Jan 27, 2008

Rambo film rating and review

Rambo (2008) Film Rating and Review :

The thrill’s missing

Rambo, with friends, is how we sum up the new Rambo. Now, Rambo with friends is, in essence, a contrast to the lone-ranger-back-and-angry-from-Vietnam character that Sylvester Stallone immortalized on screen. While Sly’s not bent on slowing down at 31, in the new Rambo, the thrill is gone. Don’t get us wrong: by the end of the film, there’s enough fake blood on the floor, and if you loved First Blood, you’ll certainly enjoy this.
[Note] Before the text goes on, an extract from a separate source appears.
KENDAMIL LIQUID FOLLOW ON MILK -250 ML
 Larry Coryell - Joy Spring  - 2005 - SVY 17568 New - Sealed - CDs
The fourth movie of the Rambo saga, this film unfolds two decades after the last installment, in northern Thailand. John Rambo’s now a longboat driver on the Salween River, leading a lift away from the battlefield, catching fish and poisonous snakes for a living. The battlefield, though, isn’t far away from him-down the rive on the Myanmar-Thailand border, the world’s longest running civil war rages between the Myanmar government and the area’s Karen natives. Oh, one more thing: no one knows how Rambo got to Thailand in the first place, but heck, who cares?

Trouble starts when a group of American Christian missionaries hire out Rambo’s boat to reach the war-ravaged region-and get picked up by the military. Villages are razed, kids killed, women raped in the attack on their camp-the first taste of war violence in this edition of Rambo’s escapade. A fortnight later, in the pouring South-East Asian rain, braving bandits and other venomous creatures, a pastor arrives at Rambo’s riverside shack. The holy man, on learning that his emissaries are now facing brutal torture by the Myanmar army, has apparently raised money to hire out a mercenary gang to rescue them. Rambo just gets busy making a new knife.

This is where the friends come in war-wary soldiers, some of them know Rambo, or have at least heard about his loony past. Whatever it is, Rambo’s hired out to give his bunch a ride down the river into Myanmar. Predictably, he also follows them into the jungle-and predictably again, almost single-handedly finishes off the military camp, with a little help from a crack shot sniper pal.

Back in the old days, Rambo seemed so appealing not only because of the action sequences, but also due to his brooding, loner life and his amazing survival instinct; fighting to the teeth with elements and enemies alike to keep breathing. The new Rambo loses out on that aspect, coming across as just another standard-plot mind-numbing war-vet movie. Post-300, the slow-motion shots of blood spill, people being decapitated and the heads being displayed on poles are all cool, but the edge in character is missing.